Leslie Cottle, Fine Artist, Glouchester, England
What were your challenges as an artist?
– Definitely, finding a focus. I didn’t feel very focused. I guess I just didn’t know how to sell art.
What did not being “focused” look like?
I guess I just wasn’t sure what I was doing. I just wanted to paint pictures but I wasn’t really sure. I did have some kind of subject matters I was pursuing but I just really wasn’t sure about why I was doing that or what I was doing it for. I just wanted to paint. I could get sidetracked into different kinds of painting or thinking what would suit certain kind of exhibition or what might help me to get noticed. So it was kind of like that kind of thinking which is all over the place.
– Is this the Royal Academy of Art in London?
– Yeah, so it’s just really dismaying. Art museums are using their brand, their reputation and they’re leveraging that to manipulate artists and it really pisses me off. And it’s my mission to make artists aware of this. Now look, if your art is just your hobby, go right ahead enter these contests if that’s what you wanna do but if you actually wanna sell your art, this is really the wrong way to go about it. You’re wasting a ton of money and some of my students have over the years spent upwards of over $25,000 not only on our contest fees but the shipping, the art supplies, the photography, the storage, the overhead and they’ve got nothing to show for it.

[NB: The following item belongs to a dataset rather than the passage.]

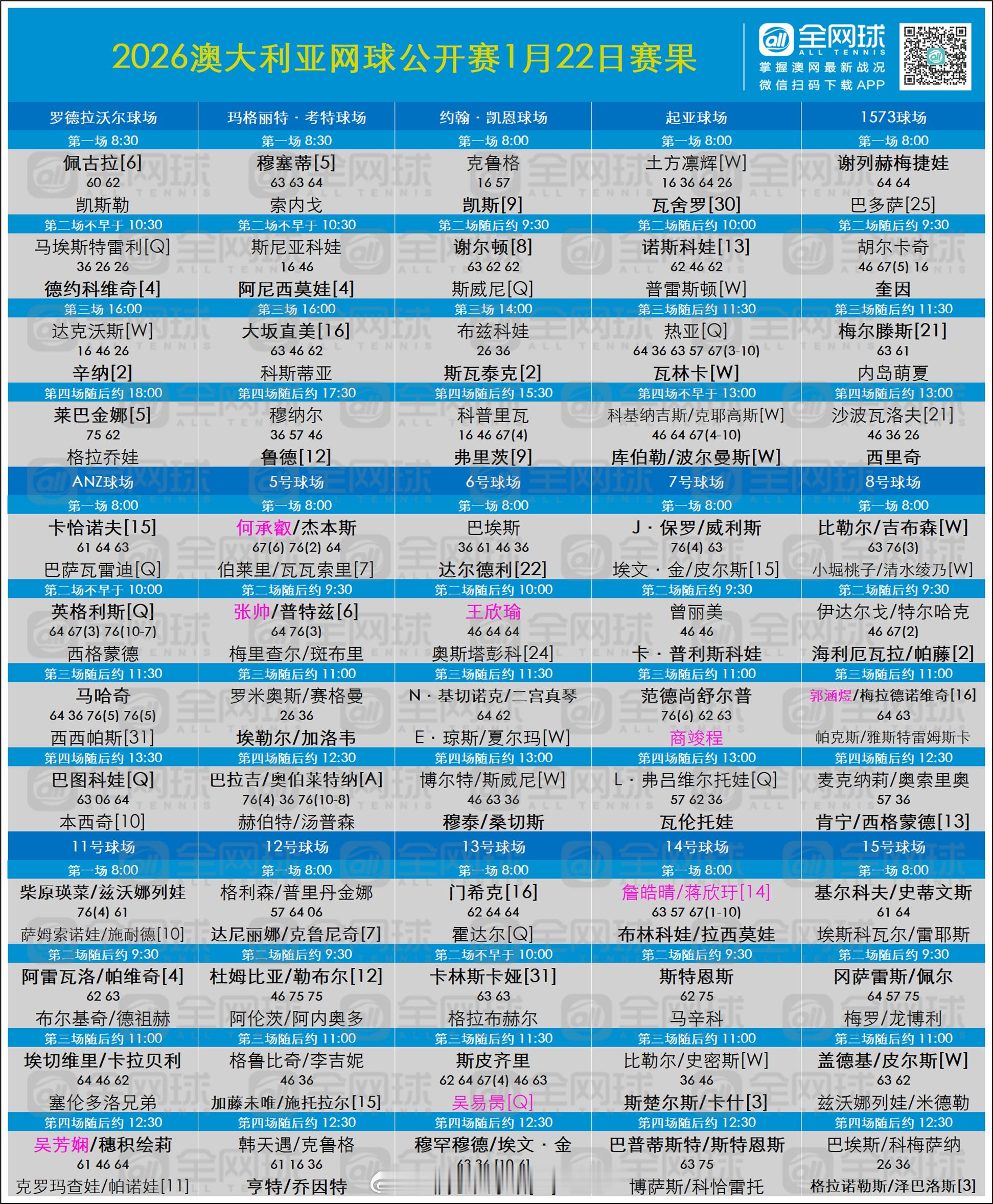 澳网2026  第五日赛果与签表更新🎙️今日出局的种子球员👀女单：10本西奇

– And I even heard from a veteran, a disabled veteran who is living off a fixed income here in the United States and he’s desperate to make some money through his art so he thought that by entering contests, and through prestigious institutions like the Royal Academy of Art and also paying to have his art featured in art magazines that only artists read, that that would somehow do it for him and he maxed out his credit cards, he’s on disability and he’s living with his mother. He’s not a stupid man. He was just taken by some very sophisticated manipulation and he wasn’t aware that there actually is a way to sell your art. That’s why I’m so freaking strident about this.
What was your plan to sell your art?
– My thinking at this time last year was I should start thinking about entering the local version of the Royal Academy here which is the Royal West of England Academy. Thought maybe that was the route I should take to submit work to an establishment like that that’s got some prestige and then maybe my work would be noticed.
– Maybe. Hope marketing, I call that hope marketing.
– Where else to go? That just seemed to be the only place but that created a whole lot of conflict in me because I actually don’t think my work is probably suitable for that kind of venue. I knew that possibly it was gonna be rejected and then there’s that whole thing about rejection when you’re just starting out.
Should you just suffer constant rejection?
– The other hazard of entering these art contests is more than likely you’re gonna face rejection. Somebody’s gotta win because they have to keep the game going but most of you are gonna lose. What you have to understand about these art contests is they’re accountable to no one. No one’s regulating this at all so they’re making a ton of money off of the hopes and dreams of artists who don’t have another way to go about selling their art. And it’s really, really predatory. And the fact that institutions like this that are in on the game … Let me just do a little math for you. Do you happen to know how often this contest with the Royal Academy of Art is run?
– Oh, it’s an annual. It’s every year.
– So let’s just do the math. I think you suggested that there were 12,000 entries. Is that about right?
– Comments underneath it suggested that there was around 12,000 submissions every year.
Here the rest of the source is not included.